"When I teach my students I always warn them about a couple of things," says Meridith Ford, a pastry and baking instructor at Johnson & Wales University in Providence, R.I. "One is never do your own wedding cake."
Seven years ago, Ford was an ambitious bride-to-be who decided she would do everything for her at-home wedding, including making and decorating the cake. Though inexperienced as a chef, she was a good cook and had successfully made several cakes for friends' weddings."I had prepped and done everything in advance," she says. "Then I started to ice the cake, and nothing would come together." The buttercream frosting she chose for the pound cake began to drip in the sultry Atlanta heat. Frustrated, she headed to the family barn where she pondered her situation for several hours. Once she had relaxed, she returned to the kitchen where she created another cake that "turned out beautiful" and was thoroughly enjoyed by the guests.

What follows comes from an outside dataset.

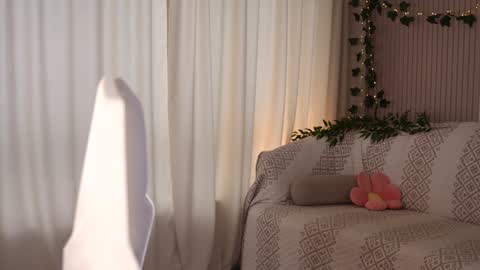 Snapshot of little_poetry chatting on 10-04-25, 02:04 Kiki online show from 10-04-25, 02:04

Since that June day, Ford has created numerous wedding cakes -from chocolate to carrot, from simple to ornate.
Ford says a misconception exists about wedding cakes: Many people believe they can't taste good. "When I was growing up and was going to weddings, the cake was the most dreaded part of the whole thing," she says. "The average person does not realize they have an alternative to this cardboard sugar-paste cake that you go out and get from your average bakery."

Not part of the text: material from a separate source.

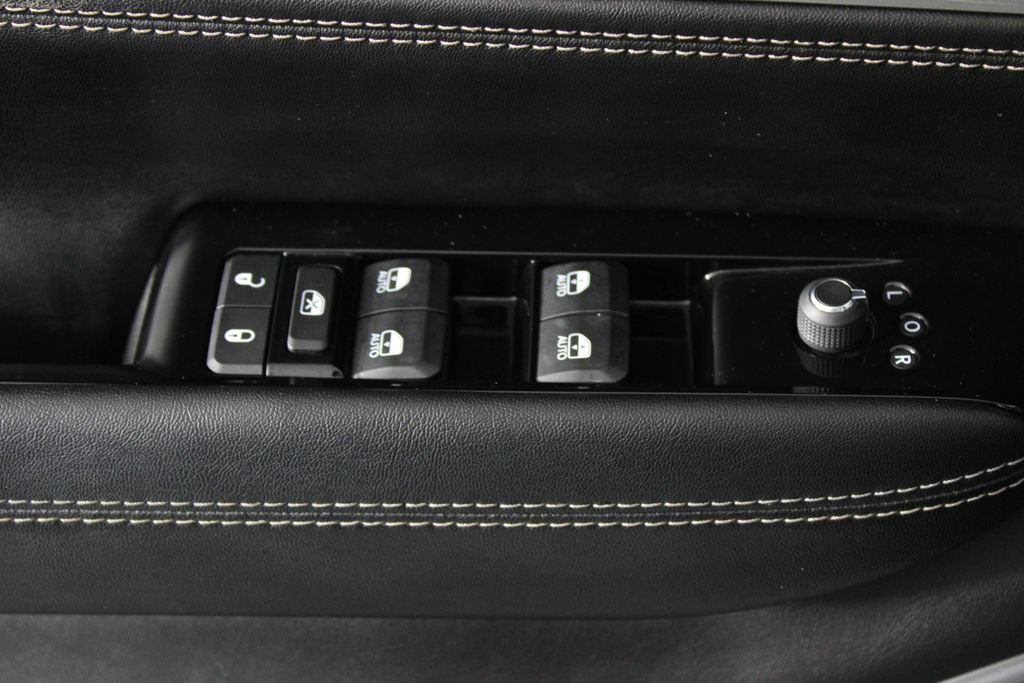 Used 2024 Jeep Wagoneer 4WD w/ Premium Group I image 26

A good chef can create a cake that looks and tastes good. Having a cake made by a professional who specializes in wedding cakes often doesn't cost more than buying it in a bakery, Ford says.
Costs for a wedding cake are calculated by the slice. They range from about $1.50 per slice (per person) to as much as $10, with the average at about $3 to $5. "I could make a really nice cake for $4 a slice," she says.